An affogato is the laziest dessert in existence and I mean that as the highest compliment. Scoop of ice cream. Hot liquid poured over it. Done. Restaurants charge $14 for this because they put it in a nice cup and someone carried it to your table. You're making it in your kitchen in 3 minutes for about $2 and it tastes exactly the same. Hot matcha over TJ's banana pudding ice cream creates this warm-cold, bitter-sweet, green-yellow situation where the ice cream starts melting around the edges and the matcha pools around it and the vanilla wafer pieces from the ice cream get slightly soggy and turn into a soft cookie layer at the bottom. The salted caramel swirl in the ice cream meets the matcha and becomes something entirely new that neither ingredient could be alone. This took me 3 minutes to make and I sat there eating it for 20 minutes because I kept finding new flavor combinations in every spoonful. That math is insane.

Ingredients

  • 2 scoops Trader Joe's Banana Pudding Flavored Ice Cream
  • 2 packets Trader Joe's Matcha Green Tea (single-serve)
  • 6 oz hot water (not boiling, about 175 degrees)

Instructions

  1. 1

    Make the matcha

    Heat water to about 175 degrees.

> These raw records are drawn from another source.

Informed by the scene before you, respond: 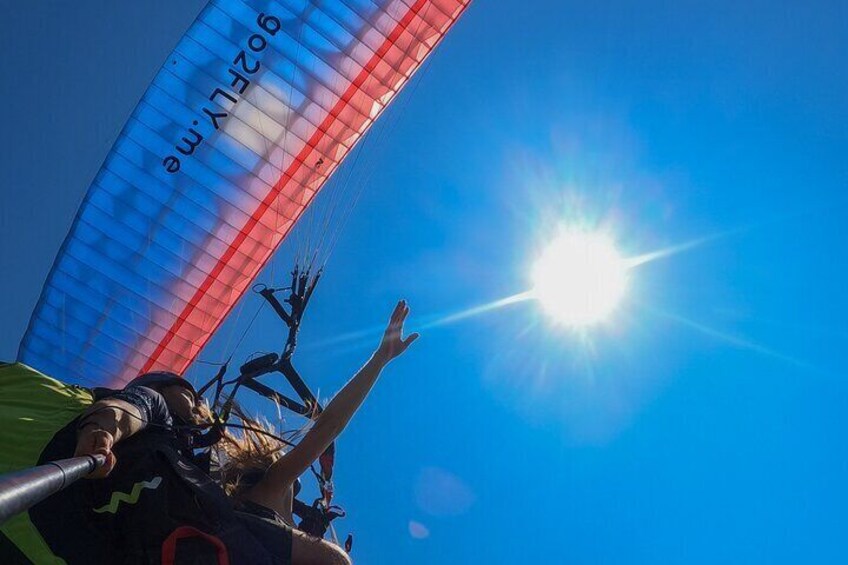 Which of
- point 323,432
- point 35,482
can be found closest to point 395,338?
point 323,432

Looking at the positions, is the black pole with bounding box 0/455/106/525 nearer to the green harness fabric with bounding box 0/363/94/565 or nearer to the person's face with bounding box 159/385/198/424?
the green harness fabric with bounding box 0/363/94/565

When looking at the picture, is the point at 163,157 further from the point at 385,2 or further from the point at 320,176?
the point at 385,2

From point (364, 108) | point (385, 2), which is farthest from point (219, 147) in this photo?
point (385, 2)

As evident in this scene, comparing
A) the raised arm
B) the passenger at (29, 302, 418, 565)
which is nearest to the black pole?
the passenger at (29, 302, 418, 565)

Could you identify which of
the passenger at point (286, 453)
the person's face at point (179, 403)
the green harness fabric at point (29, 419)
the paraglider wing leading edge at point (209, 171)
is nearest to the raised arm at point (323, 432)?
the passenger at point (286, 453)

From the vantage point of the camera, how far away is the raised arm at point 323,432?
3586mm

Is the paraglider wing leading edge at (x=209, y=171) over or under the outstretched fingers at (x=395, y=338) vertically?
over

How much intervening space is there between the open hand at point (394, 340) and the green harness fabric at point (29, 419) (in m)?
1.54

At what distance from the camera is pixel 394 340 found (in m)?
4.05

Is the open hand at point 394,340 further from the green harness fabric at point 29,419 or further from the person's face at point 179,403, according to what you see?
the green harness fabric at point 29,419

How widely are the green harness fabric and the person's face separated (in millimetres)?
467

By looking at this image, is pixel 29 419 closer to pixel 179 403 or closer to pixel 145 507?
pixel 145 507

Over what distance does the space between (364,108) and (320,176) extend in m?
0.83

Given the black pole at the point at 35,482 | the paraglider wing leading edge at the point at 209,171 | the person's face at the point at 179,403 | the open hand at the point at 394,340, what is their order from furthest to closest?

If you don't have a thermometer, boil water and let it sit for 2 minutes. Pour 6 oz into a mug or measuring cup. Add both matcha packets and whisk vigorously until dissolved and slightly frothy. You want it smooth with no clumps floating around.

  2. 2

    Scoop and pour

    2 scoops of banana pudding ice cream in a small bowl or wide cup. Pour the hot matcha directly over it. Watch the edges melt. Watch the green pool around the yellow. This is happening in real time and it's beautiful and you did almost nothing to make it happen. Art.

  3. 3

    Eat immediately

    Grab a spoon. Eat the ice cream where it's still frozen in the center. Drink the melted matcha-cream liquid from the edges. Get some of the soggy vanilla wafer pieces from the bottom. The temperature contrast and texture variation is the entire point. This is a 3-minute dessert that has no business being this good.

Baker's Notes

  • Don't use boiling water for the matcha. Boiling water makes matcha taste bitter and astringent. 175 degrees is the sweet spot. If your matcha tastes like lawn clippings, your water was too hot.
  • Use the pure matcha packets here, not the latte mix. The latte mix is already sweetened and the ice cream is already sweet. Pure matcha provides the bitterness that creates the contrast. Without that contrast, it's just sweet on sweet and you lose the whole point of an affogato.
  • This also works with TJ's vanilla ice cream or green tea mochi ice cream if the banana pudding is sold out. But the banana pudding version is the best because the banana-matcha combo is genuinely elite.

Nutrition

Calories

280

Fat

12g

Carbs

38g

Protein

5g

Sugar

28g

Serving

1 affogato

FAQ

Why matcha instead of espresso?
Because matcha and banana is a better pairing than espresso and banana. Espresso overpowers banana. Matcha complements it. Also because this is a matcha recipe collection and if you want an espresso affogato there are 47,000 recipes for that on the internet already.
Can I make this with the Jeju matcha latte packets?
You can but it'll be sweeter and milder. The Jeju packets already have milk and sugar so you lose the bitter-sweet contrast. Use the pure matcha packets for the best affogato experience.